Il profetismo della Commedia, oltre che richiamarsi in generale alla Bibbia ha radici nel gioachimismo, col quale condivide la visione di una profonda decadenza dei valori e della corruzione della Chiesa, identificata con la prostituta dell'Apocalisse di Giovanni, e l'esigenza di combatterle nella speranza di un rinnovamento. Garanzia di tale speranza sono la gravità del dolore sopportato da coloro che sono rimasti fedeli a Cristo e la promessa di Cristo stesso di non abbandonarli, nonché la certezza, basata sull'Apocalisse di Giovanni, della sconfitta finale dei malvagi. Dante ritiene infatti non lontana la fine dei tempi: Vedi nostra città quant'ella gira;/vedi li nostri scanni sì ripieni,/che poca gente più ci si disira. Come Gioacchino da Fiore e la linea spirituale del francescanesimo, anche Dante, nel suo messaggio profetico, prospetta "l'ideale di una Chiesa povera e aderente ai princìpi evangelici, che dopo Cristo è stato sostenuto solo da San Francesco, ritenuto per questo da Dante un secondo Cristo, iniziatore di una svolta decisiva nella storia cristiana. Mentre però il gioachimismo identificava nell'Ordine francescano l'artefice del processo di redenzione, Dante se ne distacca, escludendo che il rinnovamento potesse scaturire dall'interno della Chiesa. Egli basa invece il proprio messaggio profetico sul veltro, ossia un riformatore laico voluto da Dio, unica forza in grado di realizzare il piano provvidenziale svelato a Dante nell'oltretomba". In varie occasioni alcuni personaggi incontrati da Dante durante il suo viaggio oltremondano, grazie alla loro capacità di prevedere il futuro, preannunciano al poeta il suo esilio. Dopo Ciacco, il primo che pronuncia contro Dante "parole gravi" è Farinata degli Uberti; seguono Brunetto Latini; Vanni Fucci;Corrado Malaspina; Oderisi da Gubbio; Bonagiunta Orbicciani; Forese Donati e infine Cacciaguida nel Paradiso.
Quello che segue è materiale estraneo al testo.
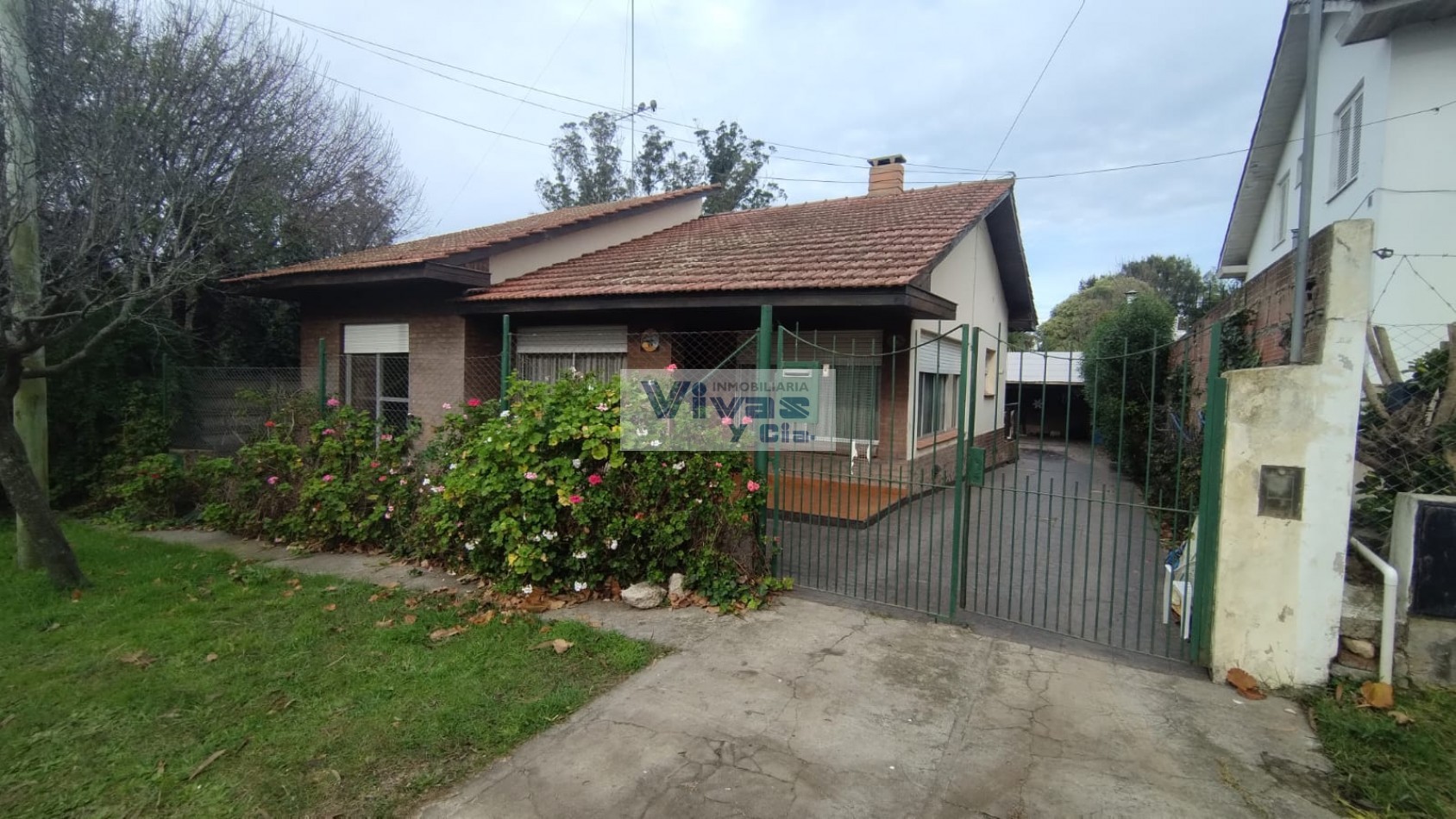 CHALET 4 AMBIENTES CON GARAGE Y PARQUE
Il ricorso alla profezia consente a Dante anche di anticipare narrativamente la drammatica evoluzione che il Dante scrittore vede dispiegarsi sotto i suoi occhi. Nella Commedia sono dunque disseminate molte profezie post-eventum, che riguardano fatti della biografia dell'autore (l'esilio) o collettivi (per esempio il trasferimento della sede papale ad Avignone ad opera di Papa Clemente V sotto la pressione dei sovrani di Francia). Tuttavia il messaggio di Dante riguarda anche un misterioso piano provvidenziale, personificato dal veltro, che interverrebbe a punire i responsabili della corruzione morale, come la curia papale e il re di Francia. I vari commenti sull'Apocalisse fioriti nel Medioevo influirono notevolmente sull'atteggiamento profetico di Dante. La prima linea di sviluppo di tali commenti è molto attenta all'interpretazione letterale del testo e mira a un'interpretazione in senso morale (san Girolamo, Beda il Venerabile, Riccardo di San Vittore, Alberto Magno). La seconda linea si basa su un'interpretazione allegorica e tende a vedere rappresentata nel testo apocalittico una successione storica delle vicende della Chiesa.

La numerologia
Un'altra tematica frequentemente rintracciabile nel poema è il valore-simbolo del numero. Secondo la Bibbia, Dio ha organizzato il cosmo secondo criteri armonici: "tu hai tutto disposto con misura, calcolo e peso". I Padri della Chiesa avevano dedicato grande attenzione alla numerologia, come attestano le opere Libro dei numeri di Isidoro di Siviglia e il libro XV (De Numero) dell'enciclopedia di Rabano Mauro. Dante aveva già sperimentato il simbolismo del nove, multiplo del tre simbolo della Trinità, nella Vita Nova, dove lo applica a Beatrice: i due si incontrano la prima volta a nove anni, Beatrice rivolgerà il suo primo saluto all'ora nona, ecc.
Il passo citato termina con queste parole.